SINGAPORE - The next election could feature campaign speeches streamed live online and safe distancing measures at voting stations, said Senior Minister Teo Chee Hean, noting that necessary precautions would be taken whenever polls are held.
Responding to a question in Parliament from Mr Christopher de Souza (Holland-Bukit Timah GRC) on how to hold elections safely, Mr Teo said that the next elections could be unlike previous ones.
"Covid-19 has created a new normal," he said. "Whether elections are held early or later, we will still have to work on the basis that the next elections will necessarily be different from past elections. This means that the necessary extra safeguards and precautions must and will be taken whether the elections are held early or held later."

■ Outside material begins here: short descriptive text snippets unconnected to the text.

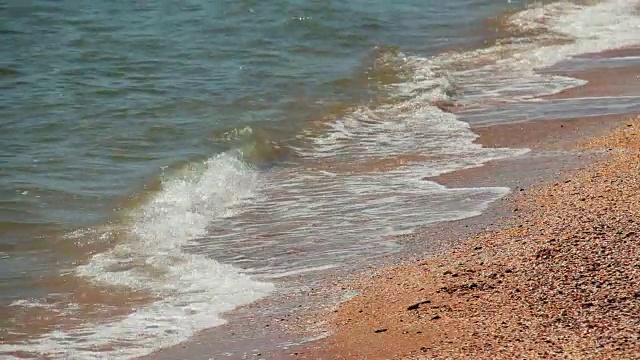 海浪拍打着岩石视频素材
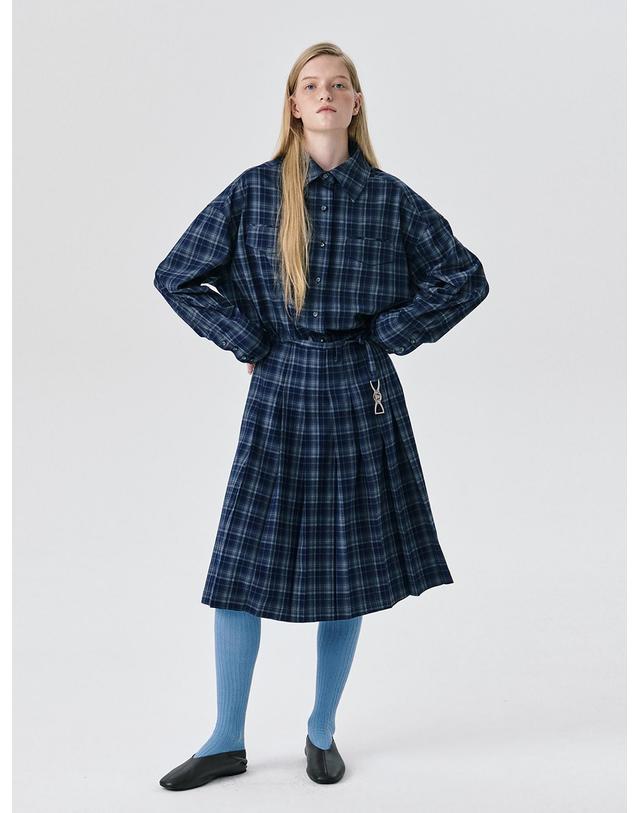 분더캄머 Oversized Shirt_Navy 착용컷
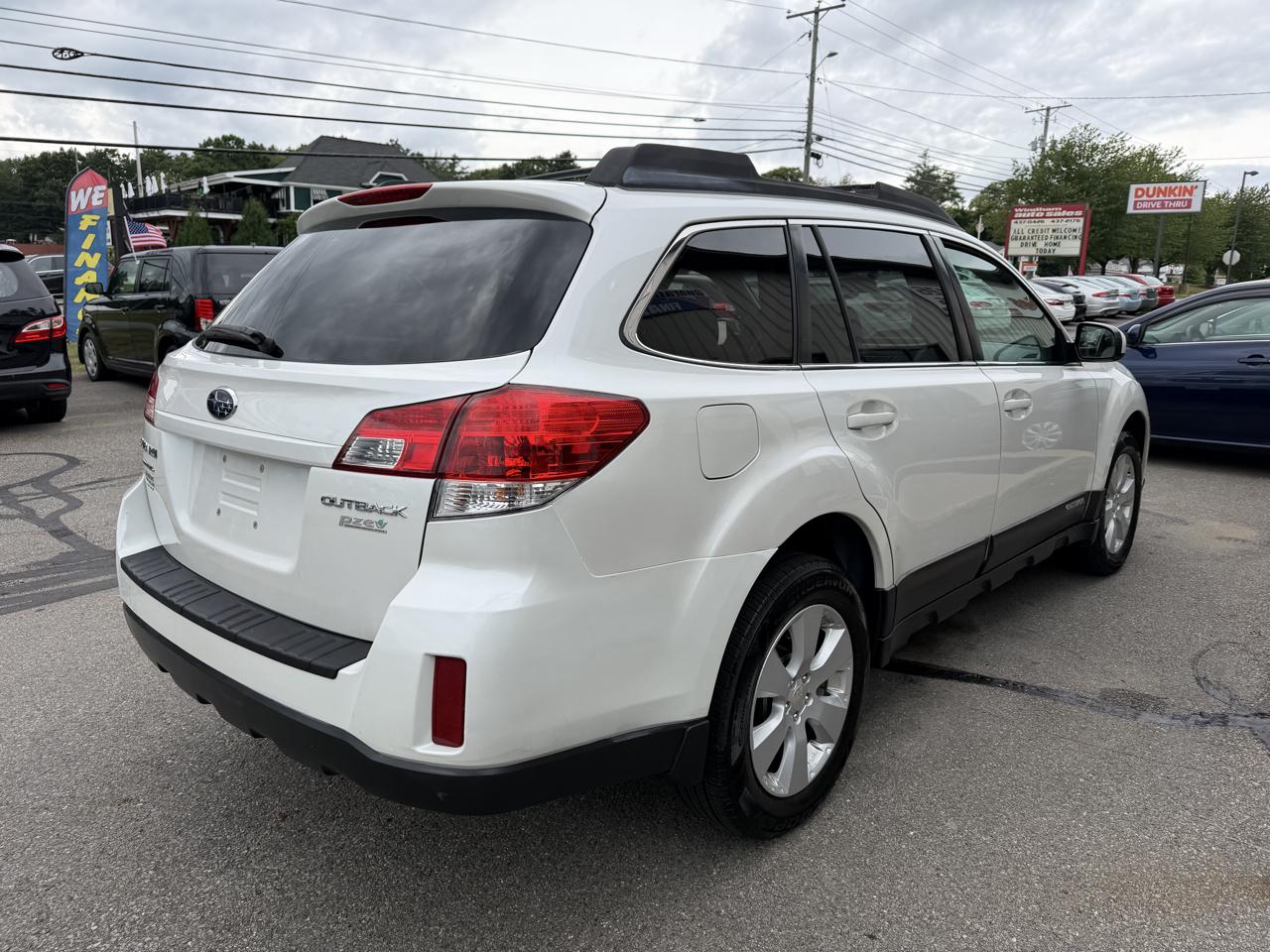 Subaru Outback 4dr Wgn H4 Auto 2.5i Premium All-Weather 2010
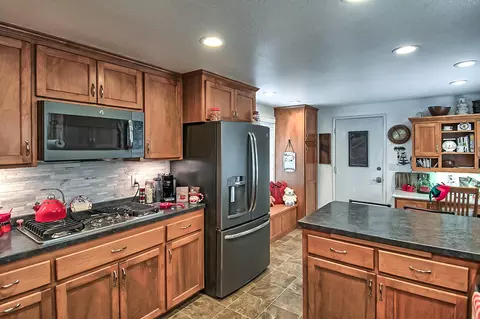 19749 Sweetwater Trl, Redding, CA 96003 photo 9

He stressed that an election would not get in the way of any of the measures - including travel restrictions, quarantine, social distancing and workplace measures - put in place in recent weeks to fight the virus.
"If an election happens, it will not disrupt any of this. All these necessary measures will still be maintained," he said.
Mr Teo said that for example, for campaigning, there could be live streaming of speeches on the Internet and adequate TV time for candidates. For voting, he noted that Singapore already has special express lanes for seniors and those who need them.
Additionally, there could be measures such as social distancing while queueing, proper hand hygiene for voting paraphernalia, and hand sanitisers for voters.
"We will learn from the experiences of other countries that are holding elections even during this ongoing Covid-19 outbreak," said Mr Teo.
"All these measures and precautions are required to protect Singaporeans. Whatever measures taken will affect all political parties equally."
In Parliament on Wednesday, Workers' Party chief Pritam Singh (Aljunied GRC), also asked Minister for National Development Lawrence Wong if the multi-ministry task force tackling the Covid-19 outbreak will be announcing measures that all political parties can keep in mind as they step up activities to reach out to voters.
"Since the release of the Electoral Boundaries Review Committee report, I think it's quite apparent to a lot of Singaporeans that political parties have stepped up their political outreach, and the concern in view of yesterday's announcement is that some of these outreach activities can easily lead to the formation of large social gatherings in excess of 10 individuals in close proximity to each other," said Mr Singh.
Mr Wong, who is co-chair of the task force, said: "The task force is quite clear in putting out these measures, that we want to restrict any form of activity that brings about congregations of more than 10 persons."
He said that the guideline applies to all organisations and political parties, and all political parties in or outside of Parliament will "have to abide by these guidelines and make adjustments to their activities".